This post is a follow-up to the June 2020 post on ViLLA and video in teacher education. That post was about why classroom video is useful and what the ViLLA project found. This one is about the practical question that post sidestepped: what does it actually take to film a real lesson?

The manual — Kramer, C., Spicker, S. J., & Kaspar, K. (2023). Manual zur Erstellung von Unterrichtsvideographien — is open access and freely downloadable at kups.ub.uni-koeln.de/65599. Funded by the BMBF under the ZuS Qualitätsoffensive Lehrerbildung programme (grant 01JA1815).


Why a Manual Exists

The argument for classroom video in teacher education is not hard to make. The evidence that video-based learning improves the perceptual and interpretive skills of student teachers is solid enough that “should we use video?” is no longer a particularly interesting question. The interesting questions are downstream: which kind of video, for what purpose, produced how, stored where, used under what conditions.

The last of those — produced how — turns out to be the one that most programmes have the least guidance on. There is a reasonably large research literature on the effects of classroom video, and a smaller but growing literature on design principles for video-based learning environments. There is much less on the practical production side: what you need to decide before you enter a school building, what can go wrong during filming, and what the post-processing work actually involves.

The gap matters because it creates a reproducibility problem. If every research group that wants classroom video has to figure out independently how to handle consent across four institutional levels, how to position two cameras in a classroom with a window on the wrong side, and how much post-processing time to budget per lesson, a lot of effort goes into re-solving problems that have already been solved. The manual is an attempt to make that accumulated knowledge explicit and shareable.


Three Phases, and Why Preparation Is the Most Important One

The manual is structured around the production lifecycle: preparation, production, and post-processing. Each section ends with a practical checklist. The structuring is not original — it follows Thomson (2019) and draws on Herrle and Breitenbach (2016) and several other methodological guides — but the synthesis reflects what we learned from actually running videography sessions at the University of Cologne over several years.

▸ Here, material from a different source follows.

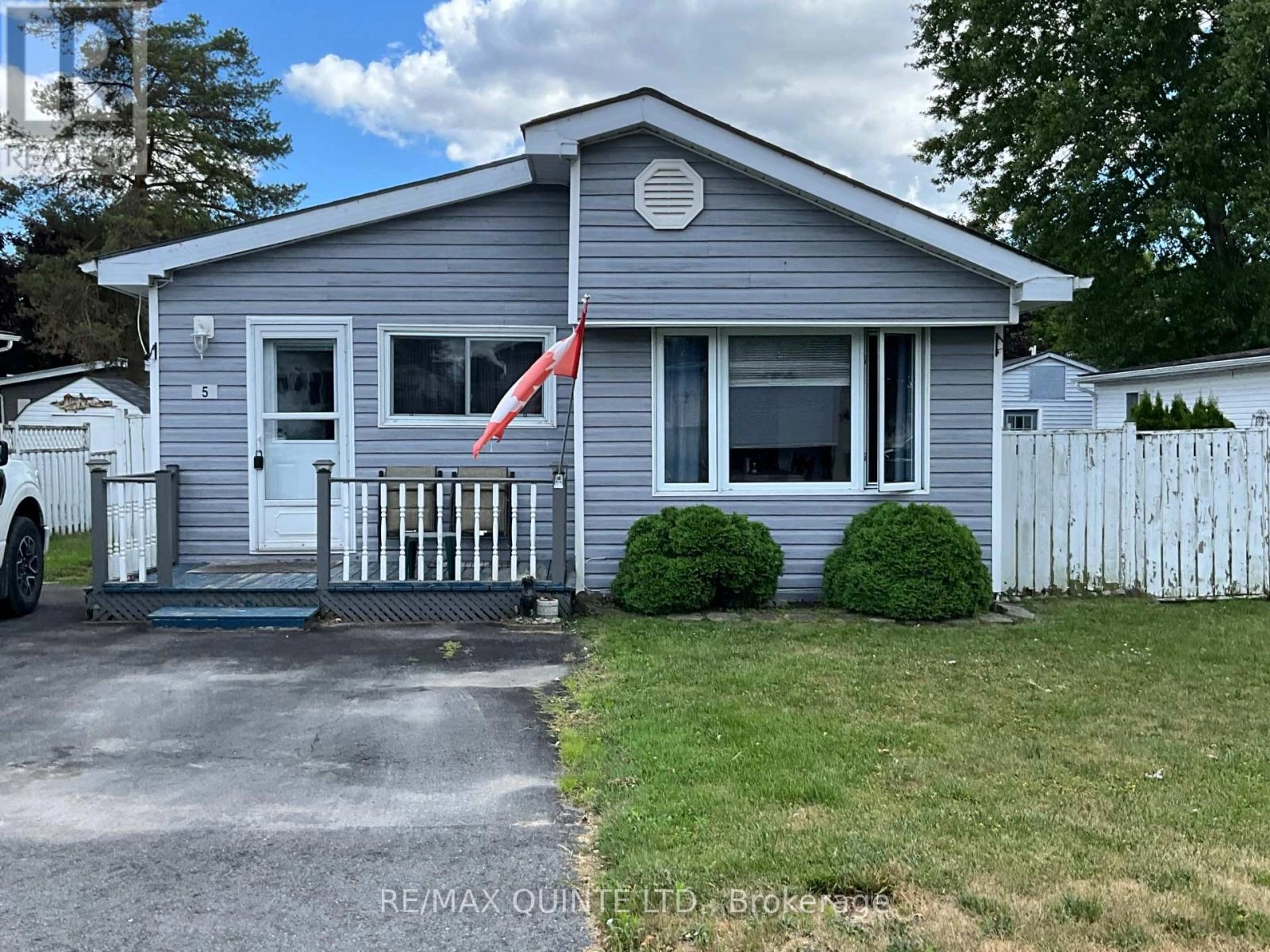 5 Oriole Lane, Quinte West, Ontario  K8M 4Z3 - Photo 1 - X12303407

The strongest claim in the manual is that preparation is the most important phase. This sounds obvious and is consistently underestimated.

Methodical preparation: the question before the camera question

Before any equipment decisions, the manual asks you to work through a prior question: is video actually the right medium for what you want to know?

This is not a rhetorical check. Classroom video is excellent at capturing dynamic processes — movement, gesture, voice, simultaneous events — and works well for constructs like classroom management and communication patterns. It works less well for constructs where the relevant data is not visible on the surface, like a student’s prior knowledge activation or the cognitive demands of a task. Using video for those questions is possible, but you need more sessions, more annotation work, and supplementary instruments. Building that into your timeline before you start is considerably better than realising it after you have sixty hours of footage.

The manual also distinguishes four decisions about what kind of video you are making:

  • Authentic vs. staged: real everyday teaching vs. deliberately constructed cases. Authentic footage gives you ecological validity; staged footage lets you control which situations appear.
  • Own vs. others’ teaching: self-recording for reflection vs. observing others for general analysis.
  • Typical vs. best practice: real-world teaching in its ordinary form vs. exemplary demonstration material.
  • Sequence vs. full lesson: a targeted extract sufficient for a specific analytic focus vs. a complete lesson for contextualised, developmental analysis.

None of these are neutral technical choices. They are methodological decisions that determine what the resulting footage can be used for and what it cannot.

The most time-consuming part of any real videography project is not the filming. It is obtaining the permissions.

You need written consent from pupils, parents or guardians (separately, depending on age — the threshold is 14 in the German legal framework the manual follows), the class teacher, school leadership, the school authority, and in some states the relevant ministry. The scope of the consent you obtain determines the scope of use you can put the footage to: footage filmed under a narrow research-project-only consent cannot be uploaded to ViLLA; footage filmed with broad usage rights can. The broader the rights you request, the higher the barrier for participants to agree.

The practical implication: decide early what you want to do with the footage, because what you put in the information letters and consent forms determines what is possible for the lifetime of the data. This is a decision you cannot easily undo.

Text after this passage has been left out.